— EXERCISE MATERIAL —
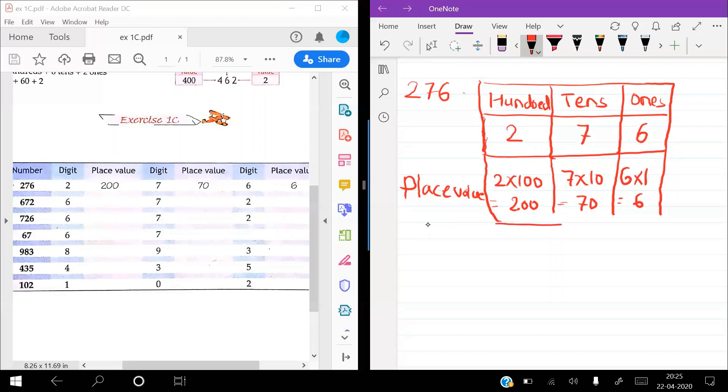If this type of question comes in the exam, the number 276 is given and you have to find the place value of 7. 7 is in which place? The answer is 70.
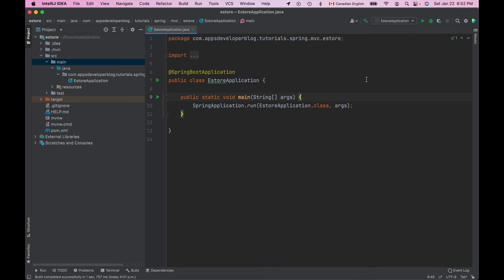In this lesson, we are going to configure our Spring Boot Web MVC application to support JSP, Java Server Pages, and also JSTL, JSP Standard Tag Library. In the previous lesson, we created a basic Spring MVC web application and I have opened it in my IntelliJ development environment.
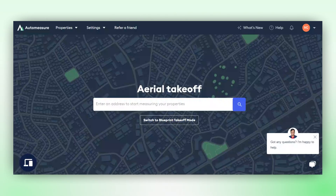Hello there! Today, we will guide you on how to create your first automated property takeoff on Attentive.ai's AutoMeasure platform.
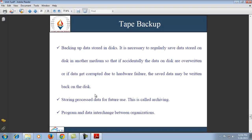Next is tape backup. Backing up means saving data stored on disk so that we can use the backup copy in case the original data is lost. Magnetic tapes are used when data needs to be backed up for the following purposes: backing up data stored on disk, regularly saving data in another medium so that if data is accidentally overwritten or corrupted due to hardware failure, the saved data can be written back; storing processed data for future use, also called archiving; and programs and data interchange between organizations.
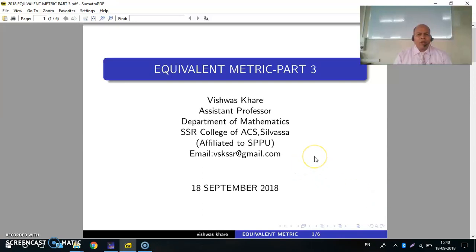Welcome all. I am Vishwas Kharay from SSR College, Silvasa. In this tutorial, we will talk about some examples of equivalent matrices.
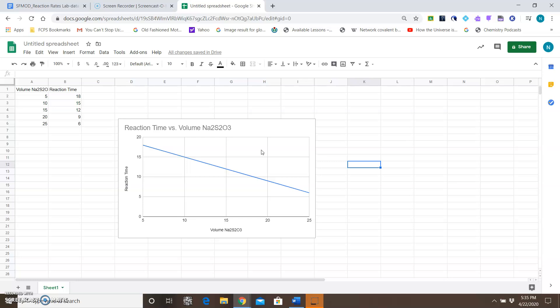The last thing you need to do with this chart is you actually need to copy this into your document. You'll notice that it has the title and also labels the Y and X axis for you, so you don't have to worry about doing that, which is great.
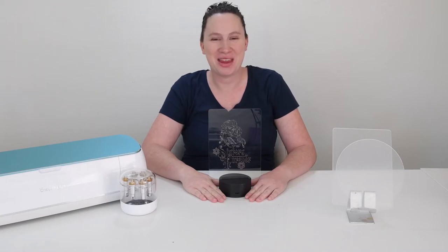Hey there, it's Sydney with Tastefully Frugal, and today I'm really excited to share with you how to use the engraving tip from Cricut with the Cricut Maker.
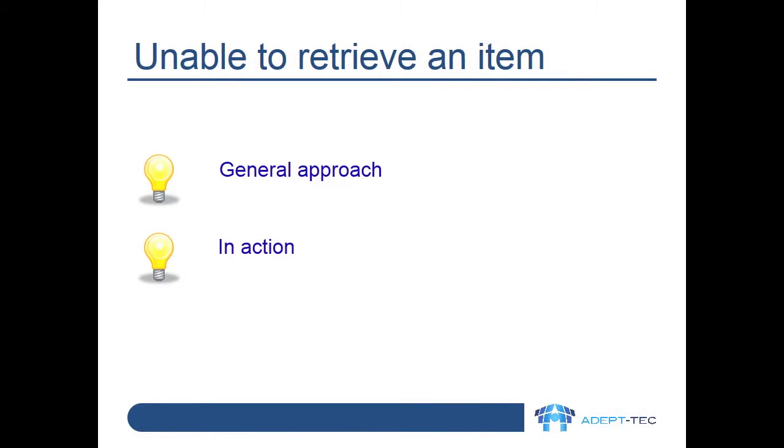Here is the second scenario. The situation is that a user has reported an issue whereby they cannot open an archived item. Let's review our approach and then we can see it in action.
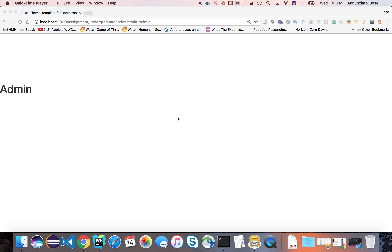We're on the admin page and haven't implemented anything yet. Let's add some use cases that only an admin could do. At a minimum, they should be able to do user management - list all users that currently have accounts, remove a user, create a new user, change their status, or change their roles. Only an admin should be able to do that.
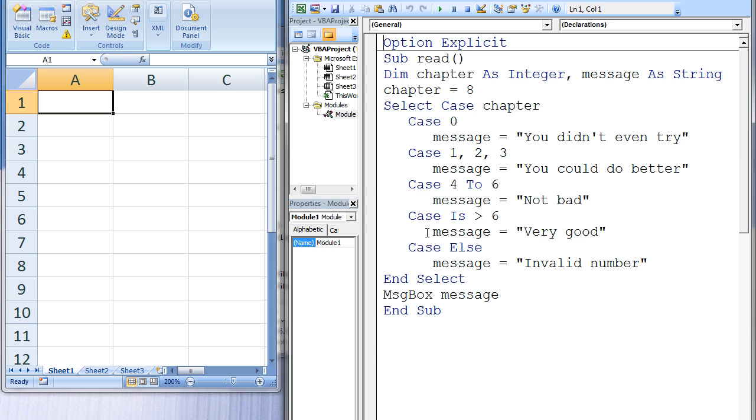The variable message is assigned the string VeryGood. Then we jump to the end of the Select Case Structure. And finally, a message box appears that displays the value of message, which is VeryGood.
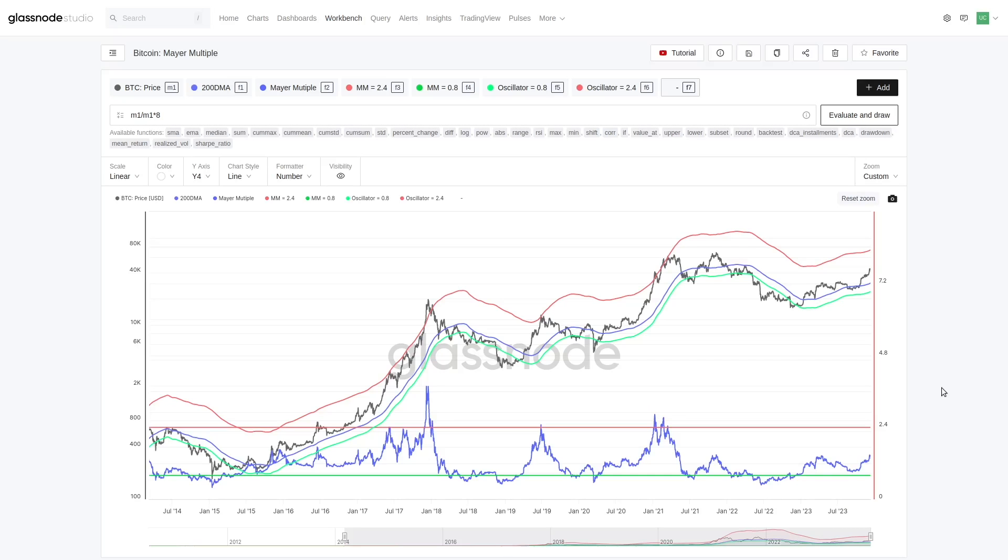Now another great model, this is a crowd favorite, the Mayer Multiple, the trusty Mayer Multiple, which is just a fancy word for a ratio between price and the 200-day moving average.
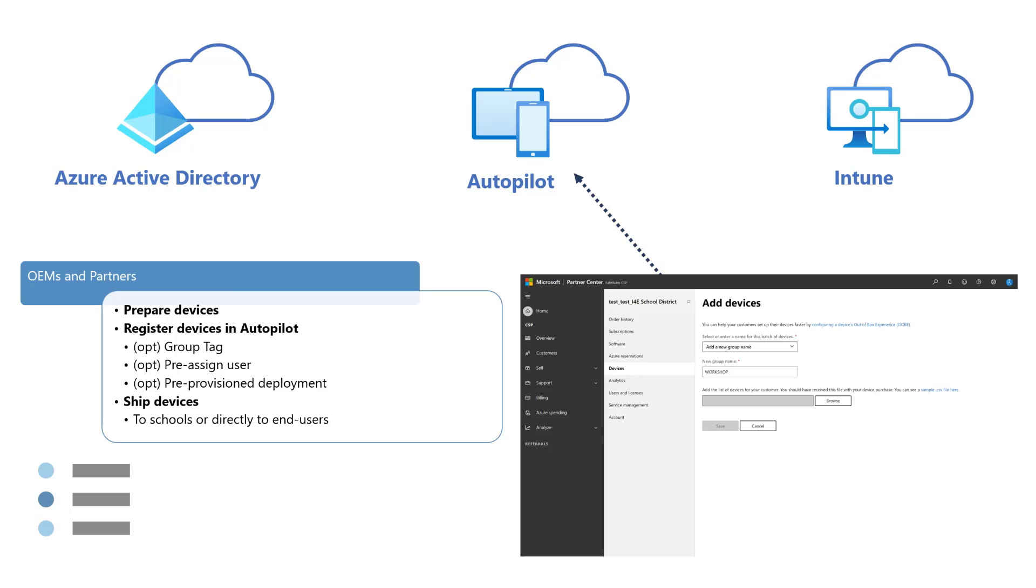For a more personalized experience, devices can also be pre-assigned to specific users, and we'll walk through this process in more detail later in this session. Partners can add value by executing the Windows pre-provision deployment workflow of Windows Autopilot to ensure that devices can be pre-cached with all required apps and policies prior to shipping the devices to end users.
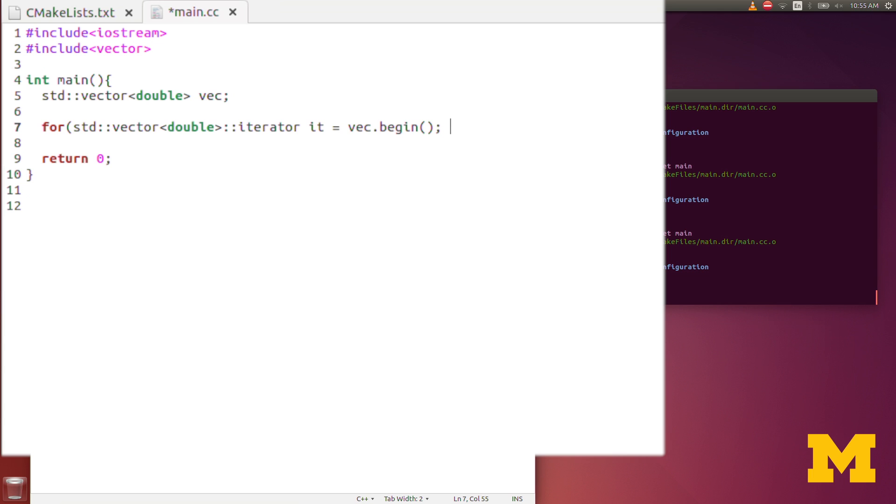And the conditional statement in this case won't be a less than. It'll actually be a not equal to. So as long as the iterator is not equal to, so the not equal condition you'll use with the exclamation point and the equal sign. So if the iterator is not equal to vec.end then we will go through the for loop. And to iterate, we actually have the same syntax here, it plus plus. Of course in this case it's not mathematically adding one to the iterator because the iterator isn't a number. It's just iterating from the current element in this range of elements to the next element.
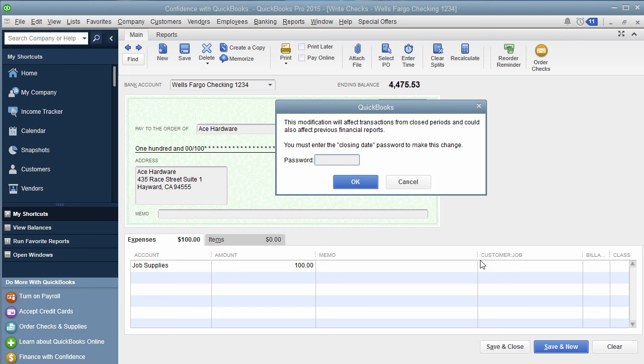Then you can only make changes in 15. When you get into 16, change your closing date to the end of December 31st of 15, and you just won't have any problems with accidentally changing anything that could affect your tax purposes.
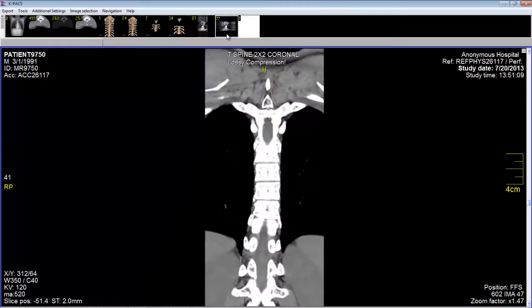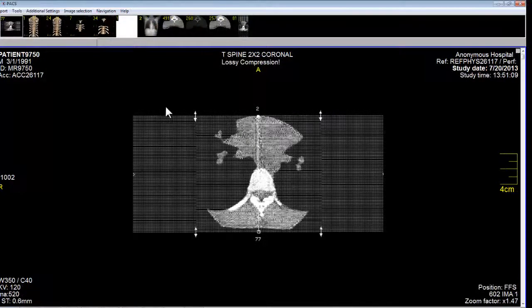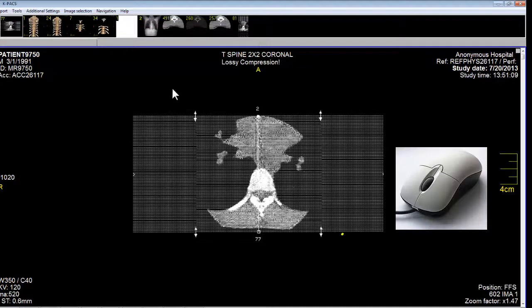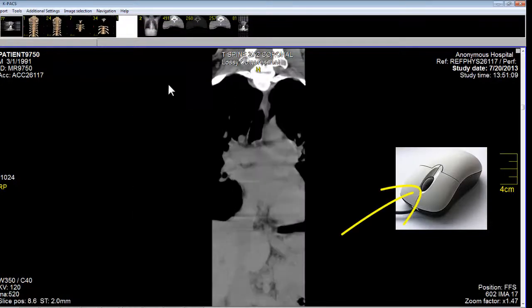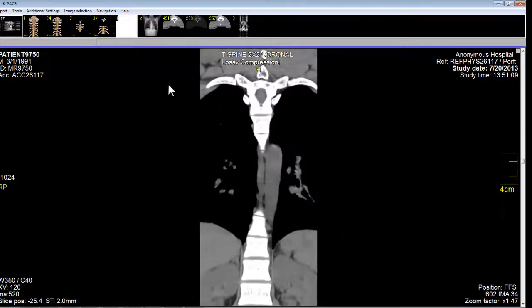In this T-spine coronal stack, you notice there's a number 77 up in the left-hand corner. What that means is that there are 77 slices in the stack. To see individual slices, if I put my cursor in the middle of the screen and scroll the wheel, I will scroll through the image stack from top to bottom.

— WHAT YOU WILL DO —
A verbatim copy of the material, pictures excluded, is what must be produced.

— WRITTEN RESPONSE —
If this type of question comes in the exam, the number 276 is given and you have to find the place value of 7. 7 is in which place? The answer is 70.
In this lesson, we are going to configure our Spring Boot Web MVC application to support JSP, Java Server Pages, and also JSTL, JSP Standard Tag Library. In the previous lesson, we created a basic Spring MVC web application and I have opened it in my IntelliJ development environment.
Hello there! Today, we will guide you on how to create your first automated property takeoff on Attentive.ai's AutoMeasure platform.
Next is tape backup. Backing up means saving data stored on disk so that we can use the backup copy in case the original data is lost. Magnetic tapes are used when data needs to be backed up for the following purposes: backing up data stored on disk, regularly saving data in another medium so that if data is accidentally overwritten or corrupted due to hardware failure, the saved data can be written back; storing processed data for future use, also called archiving; and programs and data interchange between organizations.
Welcome all. I am Vishwas Kharay from SSR College, Silvasa. In this tutorial, we will talk about some examples of equivalent matrices.
The last thing you need to do with this chart is you actually need to copy this into your document. You'll notice that it has the title and also labels the Y and X axis for you, so you don't have to worry about doing that, which is great.
Hey there, it's Sydney with Tastefully Frugal, and today I'm really excited to share with you how to use the engraving tip from Cricut with the Cricut Maker.
Here is the second scenario. The situation is that a user has reported an issue whereby they cannot open an archived item. Let's review our approach and then we can see it in action.
We're on the admin page and haven't implemented anything yet. Let's add some use cases that only an admin could do. At a minimum, they should be able to do user management - list all users that currently have accounts, remove a user, create a new user, change their status, or change their roles. Only an admin should be able to do that.
The variable message is assigned the string VeryGood. Then we jump to the end of the Select Case Structure. And finally, a message box appears that displays the value of message, which is VeryGood.
Now another great model, this is a crowd favorite, the Mayer Multiple, the trusty Mayer Multiple, which is just a fancy word for a ratio between price and the 200-day moving average.
For a more personalized experience, devices can also be pre-assigned to specific users, and we'll walk through this process in more detail later in this session. Partners can add value by executing the Windows pre-provision deployment workflow of Windows Autopilot to ensure that devices can be pre-cached with all required apps and policies prior to shipping the devices to end users.
And the conditional statement in this case won't be a less than. It'll actually be a not equal to. So as long as the iterator is not equal to, so the not equal condition you'll use with the exclamation point and the equal sign. So if the iterator is not equal to vec.end then we will go through the for loop. And to iterate, we actually have the same syntax here, it plus plus. Of course in this case it's not mathematically adding one to the iterator because the iterator isn't a number. It's just iterating from the current element in this range of elements to the next element.
Then you can only make changes in 15. When you get into 16, change your closing date to the end of December 31st of 15, and you just won't have any problems with accidentally changing anything that could affect your tax purposes.
In this T-spine coronal stack, you notice there's a number 77 up in the left-hand corner. What that means is that there are 77 slices in the stack. To see individual slices, if I put my cursor in the middle of the screen and scroll the wheel, I will scroll through the image stack from top to bottom.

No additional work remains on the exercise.